> Task prompt
Only one span of the material below is wanted. Output it exactly, from the line with "Used 2022 Ford Transit Connect XL" through the line with "Эльдорадо 13-01Фасадный облицовочный", without any pictures.

> Information provided
- - -
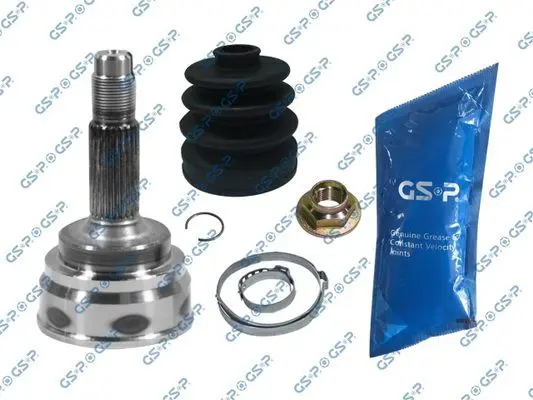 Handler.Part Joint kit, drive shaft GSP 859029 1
- - -
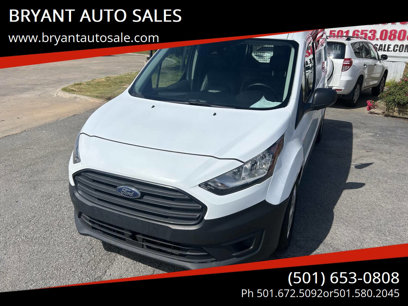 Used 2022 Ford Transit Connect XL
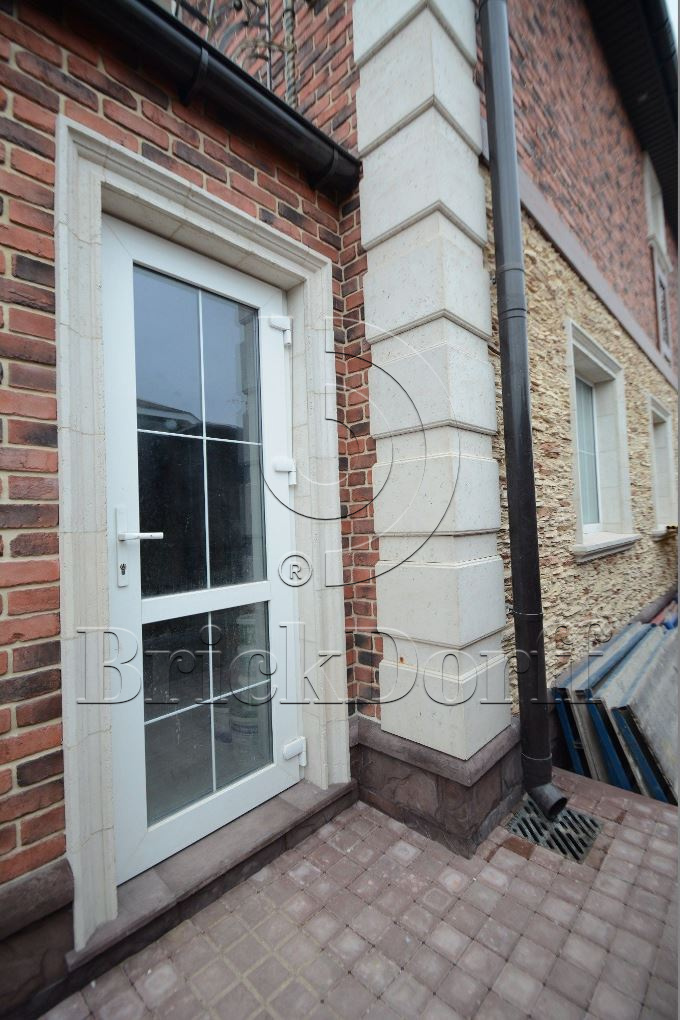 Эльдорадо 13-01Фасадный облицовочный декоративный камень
- - -
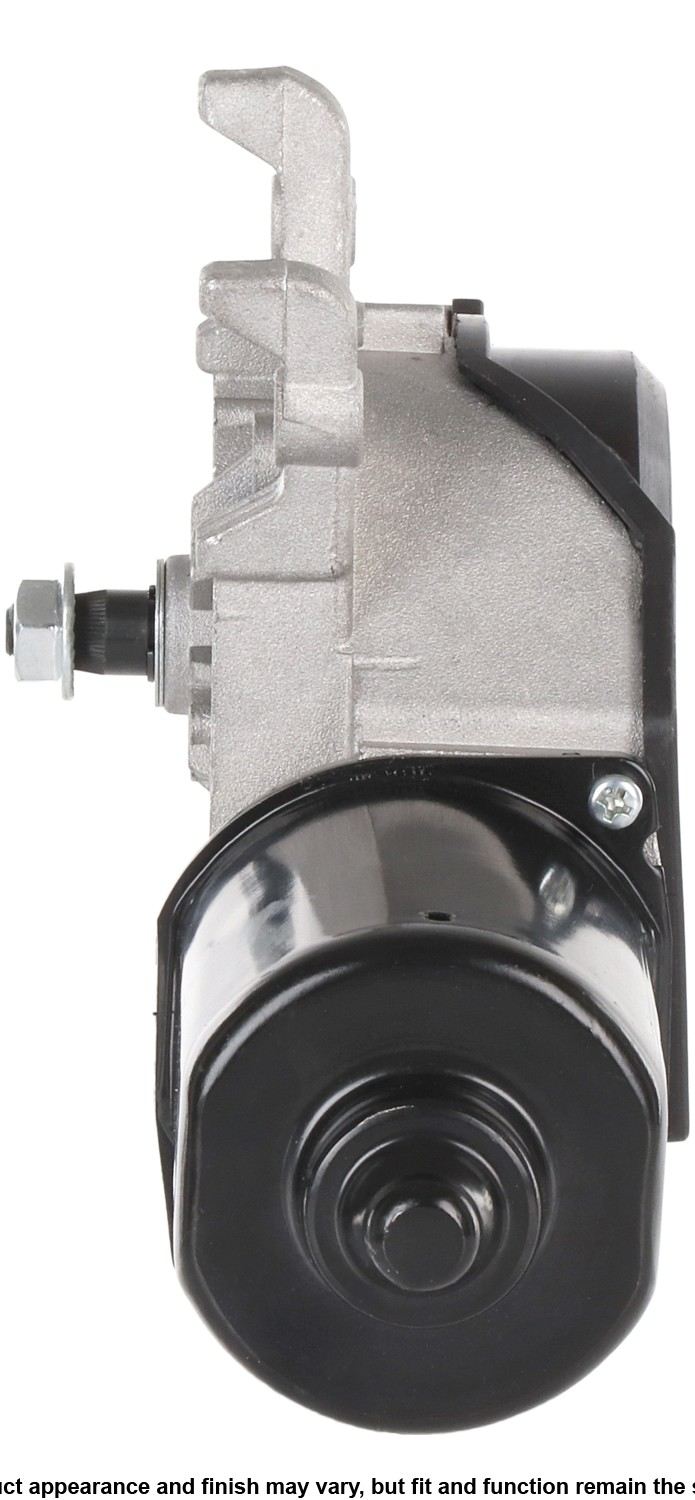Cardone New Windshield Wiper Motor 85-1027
- - -
> Exercise result
 Used 2022 Ford Transit Connect XL
 Эльдорадо 13-01Фасадный облицовочный декоративный камень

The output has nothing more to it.